Heaven forbid I actually respond with what these assholes deserve: my own anger. What I wouldn't give to tell these guys to fuck off. But I don't, because - honestly - I'm scared. I'm not a very imposing figure, and no one is going to think that - if they wanted to physically assault me - I'd be much of a threat. I'm scared that, if I were to tell catcallers exactly how I feel, I'd end up in an extremely dangerous situation. And that feeling of helplessness freakin' sucks. I want to stand up for myself, I want to right the wrongs that are inflected on women, but I also don't want to risk assault. I'm a fairly sweet, benefit-of-the-doubt-giving person, and I hate confrontation. But catcalls and degrading commentary make my blood boil and my middle finger twitch. Every now and then I'll give someone the middle finger, but I always get a pit in my stomach, fearing what they might do in retaliation. My strategy now is to mostly ignore the come-on's and rude comments, while trying to raise awareness. I want women to know that it's not okay that they're treated this way, and I went men to know that it's not okay to catcall, honk, and wink at women like they're pieces of meat.
I'm still trying to figure out the best way to address catcalling when it happens to me, but I'm going to keep writing about it and urging the people in my life to spread the word that street harassment is so incredibly wrong.

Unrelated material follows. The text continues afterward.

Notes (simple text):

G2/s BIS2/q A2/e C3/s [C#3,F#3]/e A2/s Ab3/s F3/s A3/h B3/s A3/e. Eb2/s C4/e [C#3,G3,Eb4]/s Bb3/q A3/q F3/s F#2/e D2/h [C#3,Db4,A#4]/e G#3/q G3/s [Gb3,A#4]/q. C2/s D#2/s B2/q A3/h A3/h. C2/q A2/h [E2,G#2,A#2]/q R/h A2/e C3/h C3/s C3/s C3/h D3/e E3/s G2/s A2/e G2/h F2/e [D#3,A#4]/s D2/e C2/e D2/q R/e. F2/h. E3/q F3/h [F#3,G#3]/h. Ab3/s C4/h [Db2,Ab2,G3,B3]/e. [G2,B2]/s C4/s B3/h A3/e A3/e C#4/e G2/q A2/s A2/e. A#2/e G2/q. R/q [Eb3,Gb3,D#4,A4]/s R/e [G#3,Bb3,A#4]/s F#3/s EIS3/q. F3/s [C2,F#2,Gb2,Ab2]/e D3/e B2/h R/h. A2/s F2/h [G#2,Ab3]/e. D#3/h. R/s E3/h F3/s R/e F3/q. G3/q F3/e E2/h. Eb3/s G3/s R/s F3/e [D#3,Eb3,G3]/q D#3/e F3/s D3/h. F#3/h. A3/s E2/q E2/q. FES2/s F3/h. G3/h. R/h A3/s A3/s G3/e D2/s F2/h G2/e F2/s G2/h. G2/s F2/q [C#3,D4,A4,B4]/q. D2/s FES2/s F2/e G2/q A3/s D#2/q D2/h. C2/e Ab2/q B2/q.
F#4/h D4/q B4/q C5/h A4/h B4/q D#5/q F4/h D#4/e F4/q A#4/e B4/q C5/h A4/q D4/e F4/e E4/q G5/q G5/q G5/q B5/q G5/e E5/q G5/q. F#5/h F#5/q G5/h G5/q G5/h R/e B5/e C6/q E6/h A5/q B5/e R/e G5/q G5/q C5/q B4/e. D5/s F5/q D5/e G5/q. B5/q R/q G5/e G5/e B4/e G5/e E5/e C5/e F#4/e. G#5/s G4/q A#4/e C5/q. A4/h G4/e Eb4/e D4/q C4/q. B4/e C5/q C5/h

If any of you gals (or guys) have suggestions about how to deal with street harassment, I'd love to hear them!
Also, f you haven't seen the video by Hollaback, which shows a woman (wearing jeans and a crew neck tee shirt and tennis shoes), walking around NY for ten hours and receiving over 100 catcalls, you need to watch it ASAP. This video was an incredible idea, and it is a great way to raise awareness in regards to this issue. Additionally, I just read the other day that the woman in the video has since received numerous threats to her well-being, which only further proves how dangerous and outrageous catcalling is (and how abominable human beings can be).